** Work to complete **
What you give back must match the data exactly, minus the pictures.

[Scraped caption text data]
>>>>

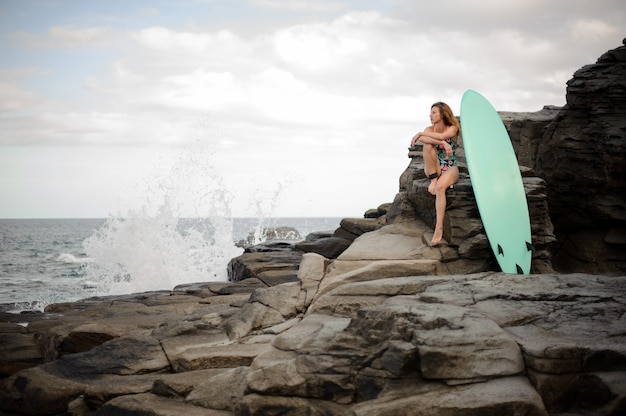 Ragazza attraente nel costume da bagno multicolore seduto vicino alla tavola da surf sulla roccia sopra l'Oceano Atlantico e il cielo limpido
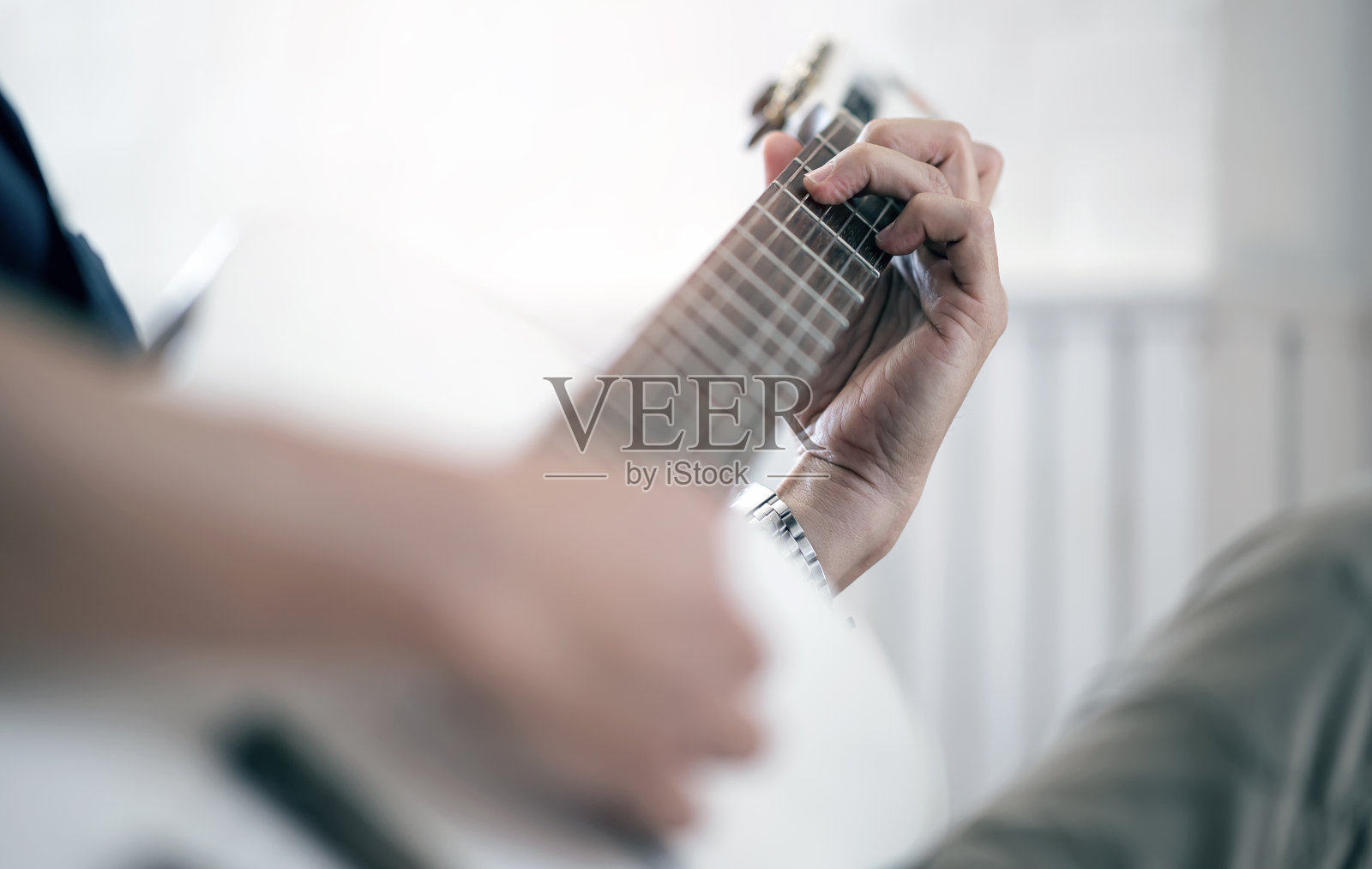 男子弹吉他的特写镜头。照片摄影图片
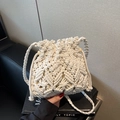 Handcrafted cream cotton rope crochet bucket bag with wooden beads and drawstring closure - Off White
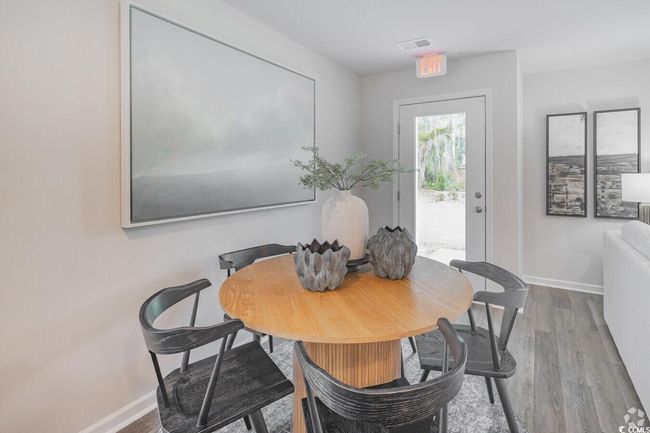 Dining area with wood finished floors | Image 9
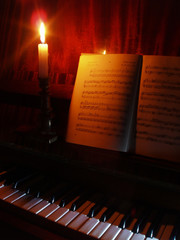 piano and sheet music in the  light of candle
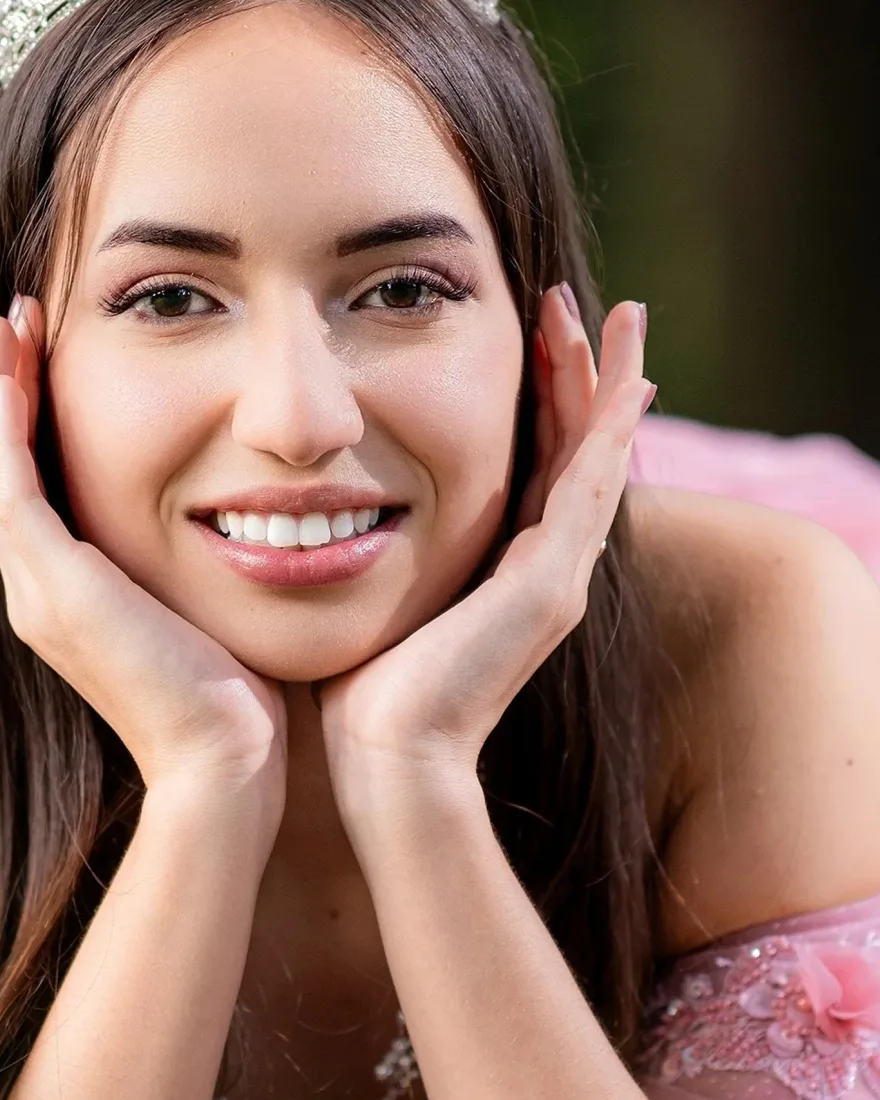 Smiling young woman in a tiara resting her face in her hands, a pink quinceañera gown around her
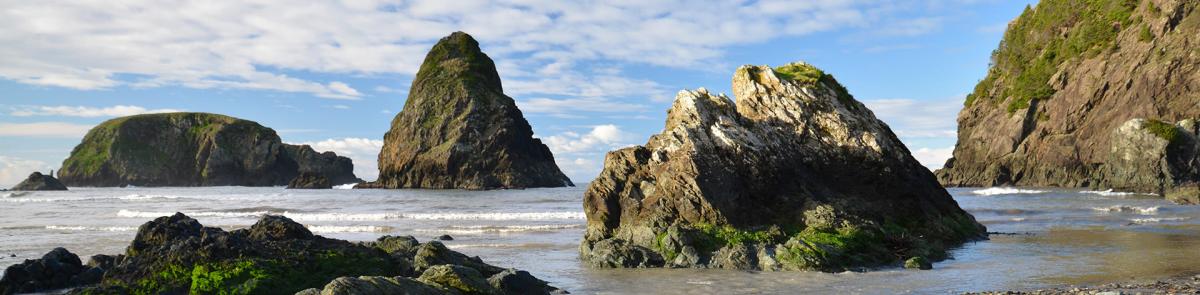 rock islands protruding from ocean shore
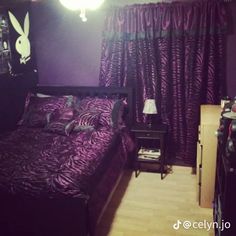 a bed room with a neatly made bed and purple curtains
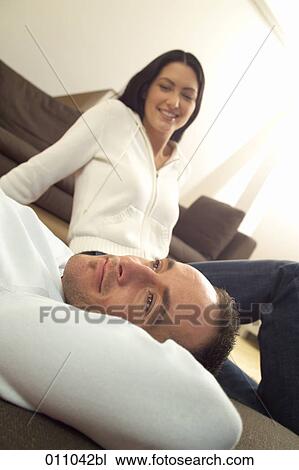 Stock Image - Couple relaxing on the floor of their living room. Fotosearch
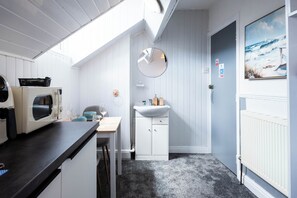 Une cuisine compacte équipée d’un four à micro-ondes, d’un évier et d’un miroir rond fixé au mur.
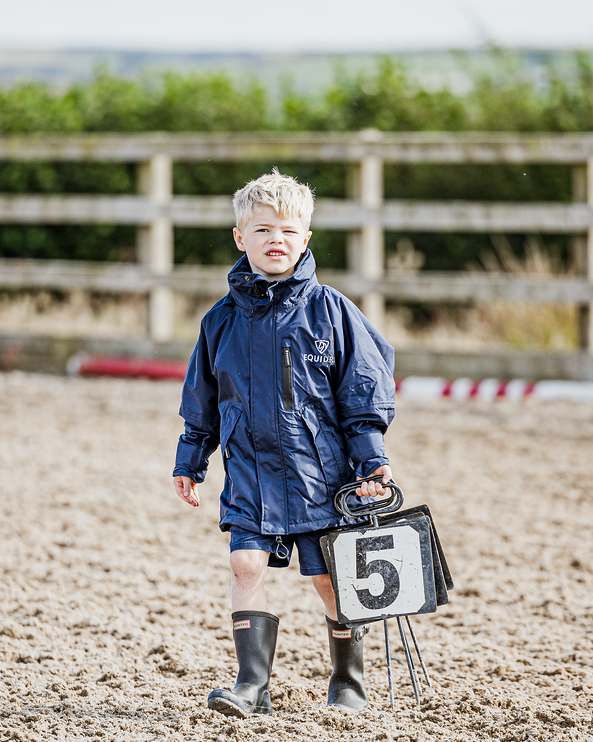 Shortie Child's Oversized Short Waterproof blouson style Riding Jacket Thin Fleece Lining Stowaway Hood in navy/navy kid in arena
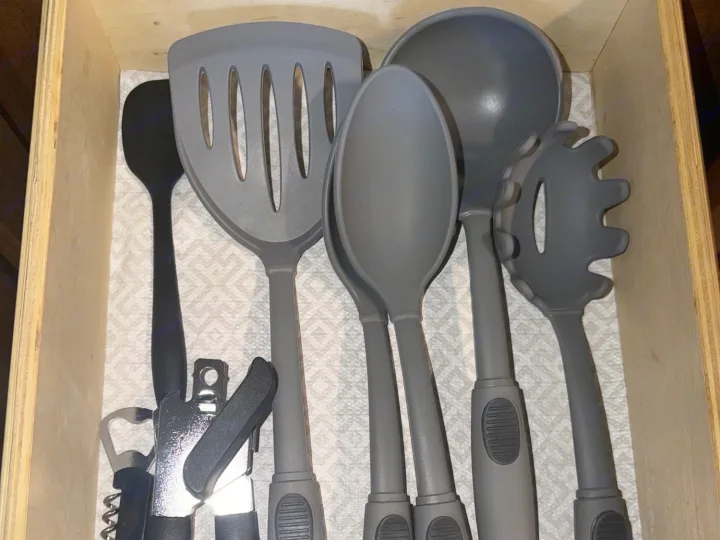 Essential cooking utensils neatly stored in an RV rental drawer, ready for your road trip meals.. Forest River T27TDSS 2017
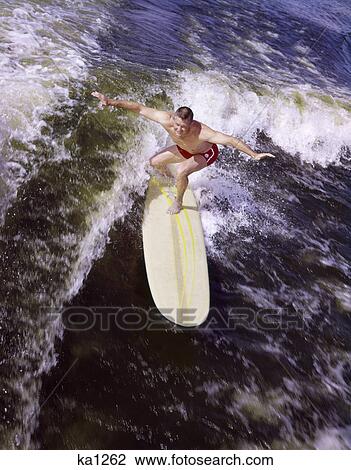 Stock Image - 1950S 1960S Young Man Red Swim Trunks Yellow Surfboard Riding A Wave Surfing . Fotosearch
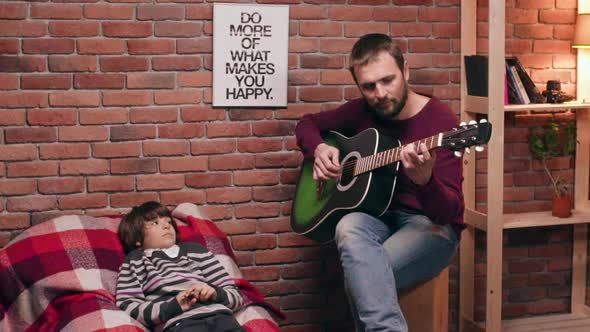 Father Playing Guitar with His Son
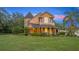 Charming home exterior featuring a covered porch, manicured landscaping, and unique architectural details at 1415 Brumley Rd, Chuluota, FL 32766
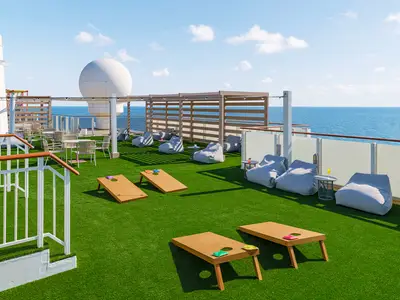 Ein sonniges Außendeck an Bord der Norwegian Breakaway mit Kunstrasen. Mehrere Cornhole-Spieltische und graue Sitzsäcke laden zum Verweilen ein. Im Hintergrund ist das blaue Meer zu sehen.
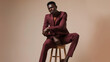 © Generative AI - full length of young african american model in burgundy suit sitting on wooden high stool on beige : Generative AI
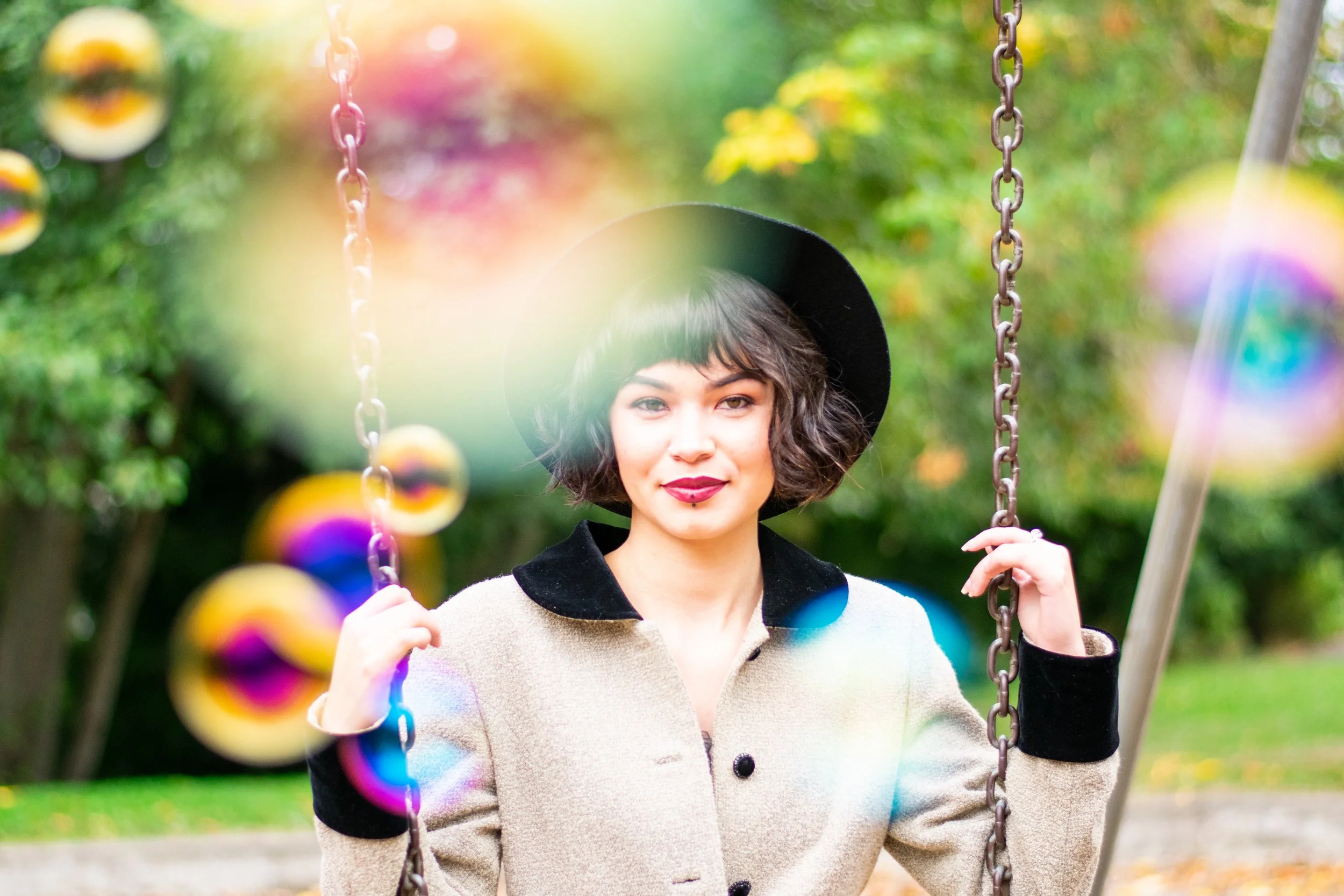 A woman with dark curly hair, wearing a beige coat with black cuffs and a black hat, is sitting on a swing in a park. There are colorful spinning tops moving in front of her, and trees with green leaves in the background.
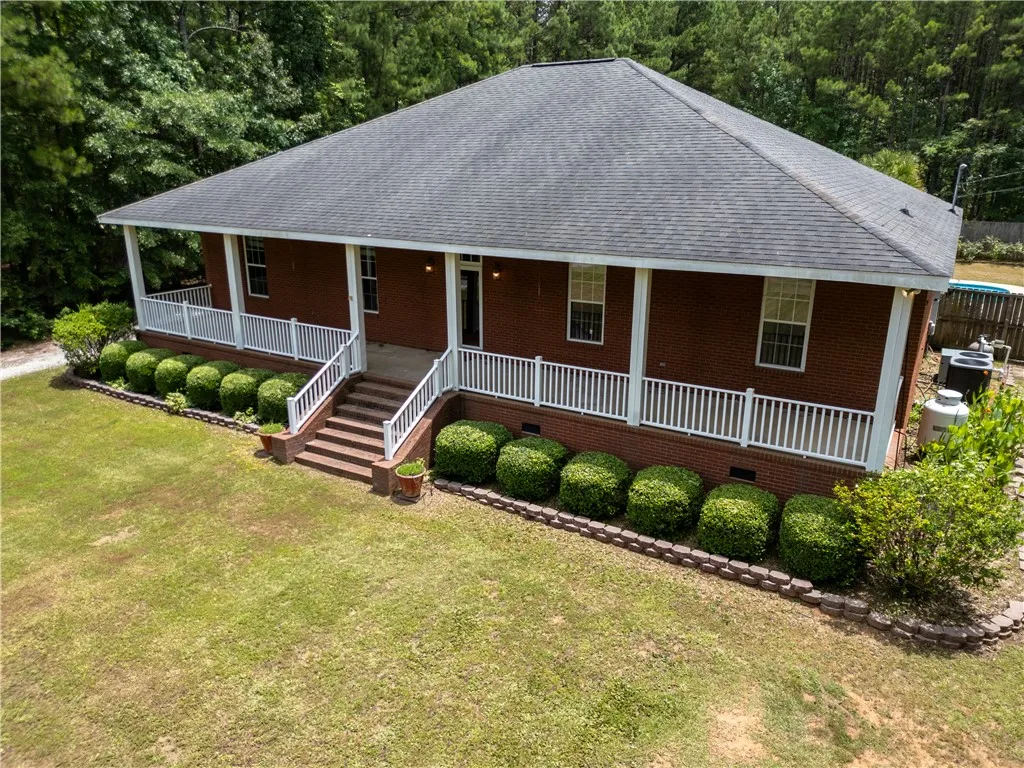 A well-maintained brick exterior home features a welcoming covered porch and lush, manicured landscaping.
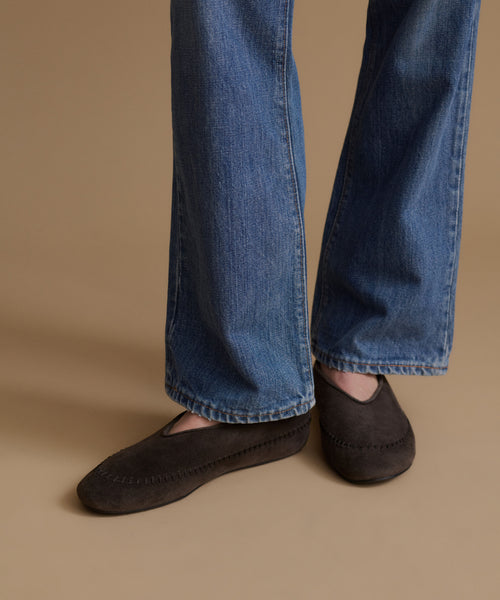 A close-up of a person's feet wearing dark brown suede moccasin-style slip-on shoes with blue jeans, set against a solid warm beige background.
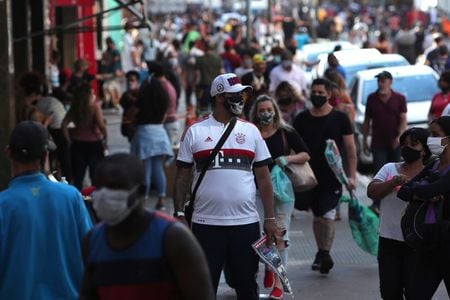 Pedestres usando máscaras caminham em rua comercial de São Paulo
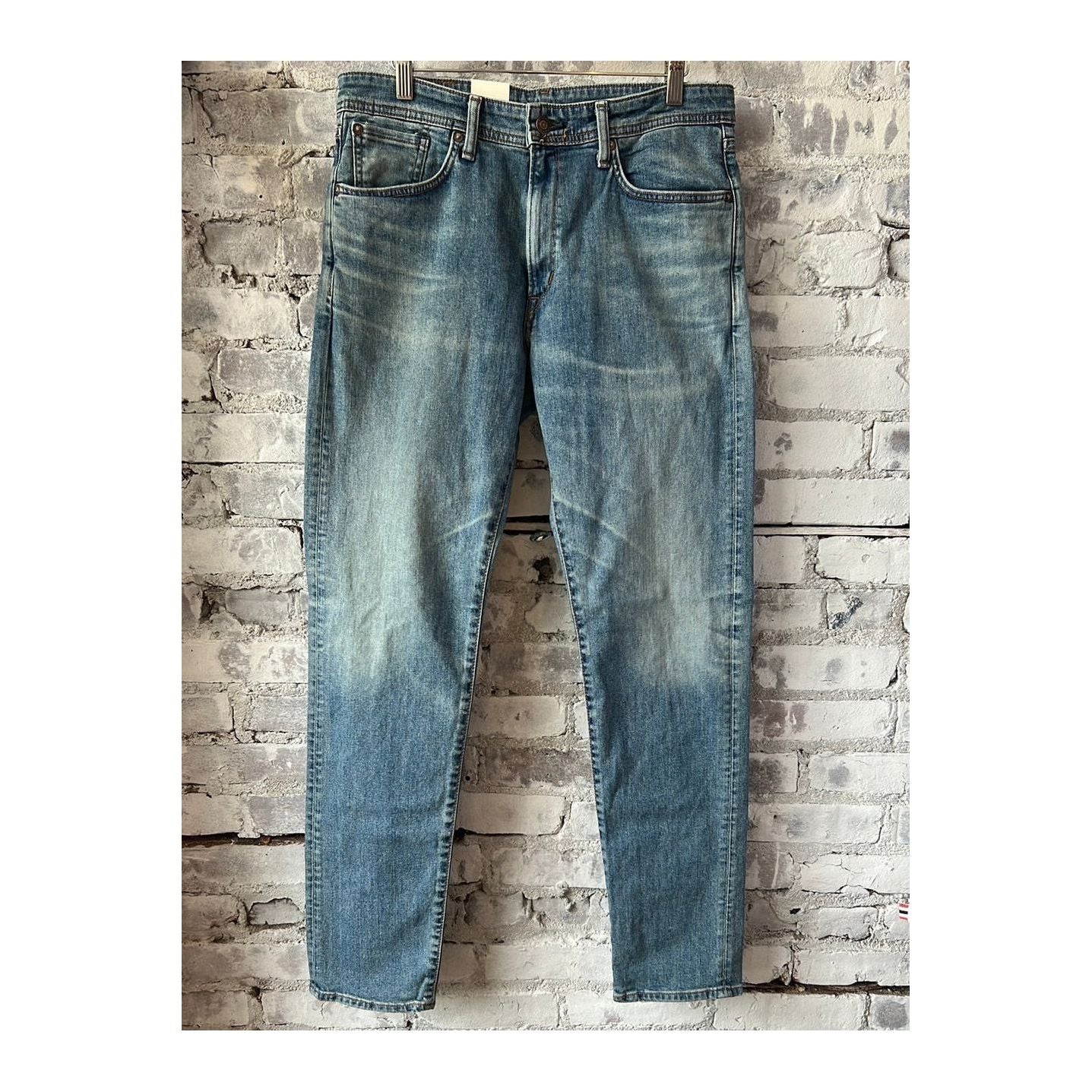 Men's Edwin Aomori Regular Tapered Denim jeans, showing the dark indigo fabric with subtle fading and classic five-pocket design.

<<<<

** Finished task **
 Ragazza attraente nel costume da bagno multicolore seduto vicino alla tavola da surf sulla roccia sopra l'Oceano Atlantico e il cielo limpido
 男子弹吉他的特写镜头。照片摄影图片
 Handcrafted cream cotton rope crochet bucket bag with wooden beads and drawstring closure - Off White
 Dining area with wood finished floors | Image 9
 piano and sheet music in the  light of candle
 Smiling young woman in a tiara resting her face in her hands, a pink quinceañera gown around her
 rock islands protruding from ocean shore
 a bed room with a neatly made bed and purple curtains
 Stock Image - Couple relaxing on the floor of their living room. Fotosearch
 Une cuisine compacte équipée d’un four à micro-ondes, d’un évier et d’un miroir rond fixé au mur.
 Shortie Child's Oversized Short Waterproof blouson style Riding Jacket Thin Fleece Lining Stowaway Hood in navy/navy kid in arena
 Essential cooking utensils neatly stored in an RV rental drawer, ready for your road trip meals.. Forest River T27TDSS 2017
 Stock Image - 1950S 1960S Young Man Red Swim Trunks Yellow Surfboard Riding A Wave Surfing . Fotosearch
 Father Playing Guitar with His Son
 Charming home exterior featuring a covered porch, manicured landscaping, and unique architectural details at 1415 Brumley Rd, Chuluota, FL 32766
 Ein sonniges Außendeck an Bord der Norwegian Breakaway mit Kunstrasen. Mehrere Cornhole-Spieltische und graue Sitzsäcke laden zum Verweilen ein. Im Hintergrund ist das blaue Meer zu sehen.
 © Generative AI - full length of young african american model in burgundy suit sitting on wooden high stool on beige : Generative AI
 A woman with dark curly hair, wearing a beige coat with black cuffs and a black hat, is sitting on a swing in a park. There are colorful spinning tops moving in front of her, and trees with green leaves in the background.
 A well-maintained brick exterior home features a welcoming covered porch and lush, manicured landscaping.
 A close-up of a person's feet wearing dark brown suede moccasin-style slip-on shoes with blue jeans, set against a solid warm beige background.
 Pedestres usando máscaras caminham em rua comercial de São Paulo
 Men's Edwin Aomori Regular Tapered Denim jeans, showing the dark indigo fabric with subtle fading and classic five-pocket design.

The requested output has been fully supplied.